4. The error detection system of claim 1 wherein the coder formed by the means for re-encoding comprises a convolutional encoder.

5. The error detection system of claim 4 wherein the convolutional encoder encodes decoded signal sequences and generates discrete, receiver-encoded signal sequences therefrom.

6. The error detection system of claim 1 wherein said soft decision signal is comprised of a demodulated signal demodulated by the receiver.

7. The error detection system of claim 1 further comprising means forming a buffer for storing a sequence of signal portions of the hard decision signal formed by the hard decision converter.

8. The error detection system of claim 1 wherein the comparator formed by said means for comparing comprises means for performing an exclusive or logic comparison.
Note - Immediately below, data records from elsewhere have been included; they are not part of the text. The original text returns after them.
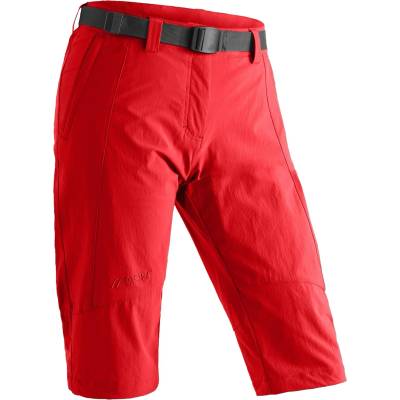 Maier Sports Дамски къси панталони Maier Sports Women's Kluane Shorts - Lollipop - размер 40 (112-1208-2413)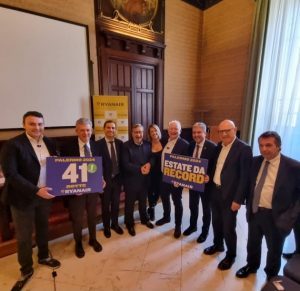 Ryanair a tutta Sicilia: il network da Palermo conta 41 rotte di cui una nuova per Poznan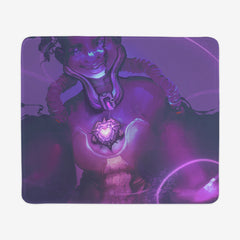 Love Tech 2 Mousepad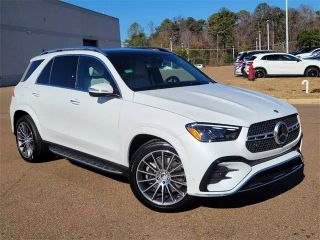 2025 MERCEDES-BENZ GLE GLE450E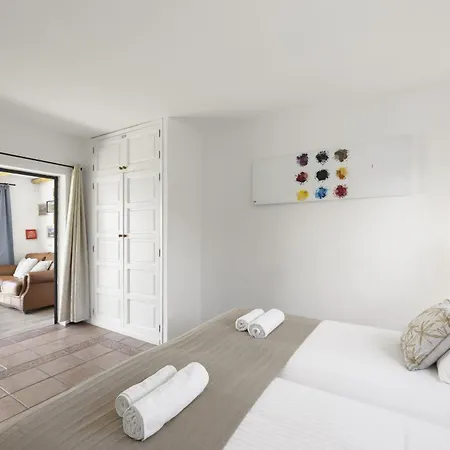 Casa Anabella By Escape * Puerto del Carmen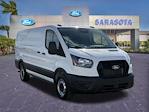 New 2026 Ford Transit 150 Low Roof Empty Cargo Van for sale #TKA01308 - photo 1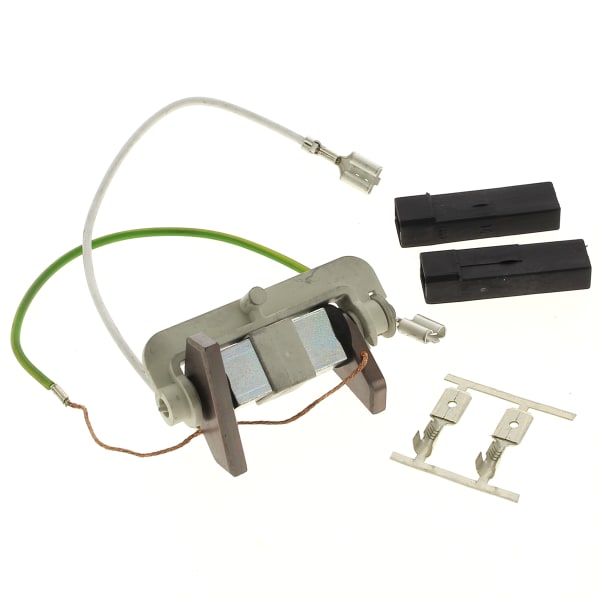 Charbons capteur d'humidité 5153702 grand format (1 / 2)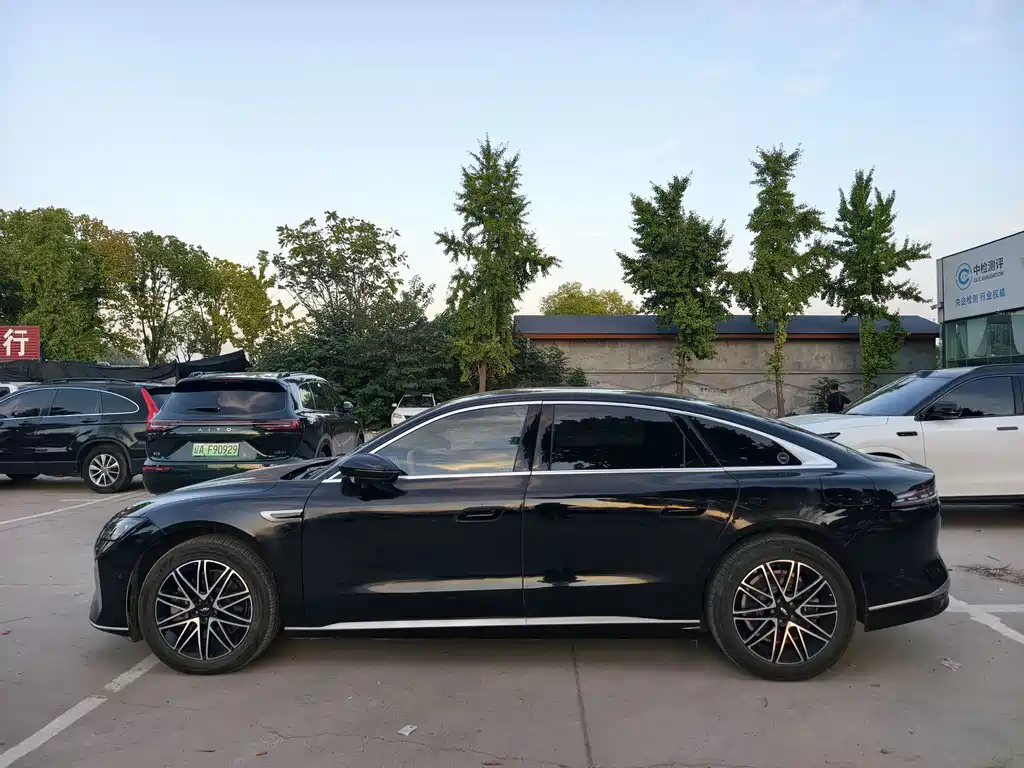 Fulwin Fengyun A9L — миниатюра 8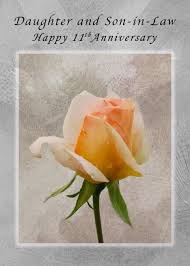 Happy 2nd anniversary wishes to my dear son and daughter in law. Happy 11 Wedding Anniversary Wishes Quotes Quoteawards Com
9. The error detection system of claim 1 wherein said means for comparing generates a comparison signal comprised of signal portions responsive to comparisons between the discrete, receiver-encoded signal generated by the coder with the hard decision signal formed by the hard decision converter.

10. The error detection system of claim 9 further comprising means for storing said comparison signal generated by the means for comparing.

11. The error detection system of claim 10 wherein said means for generating an error signal further comprises means for determining when greater than a certain number of signal portions of at least one segmental portion of the hard decision signal differs with signal portions of a corresponding segmental portion of a corresponding sequence of the discrete, receiver-encoded signal.

12. The error detection system of claim 11 wherein said means for determining comprises counting numbers of times in which signal portions of a segmental portion of the comparison signal indicate nonsimilarity of corresponding signal portions of the hard decision signal differ with corresponding signal portions of the discrete, receiver-encoded signal.

13. The error detection system of claim 12 wherein the means for determining determines when greater than a certain number of signal portions of at least one of two or more segmental portions of the hard decision signal differs with signal portions of at least one of two or more corresponding segmental portions of a corresponding sequence of the discrete, receiver-encoded signal.

14. The error detection system of claim 13 wherein the two or more segmental portions of the hard decision signal comprise at least one common signal portion.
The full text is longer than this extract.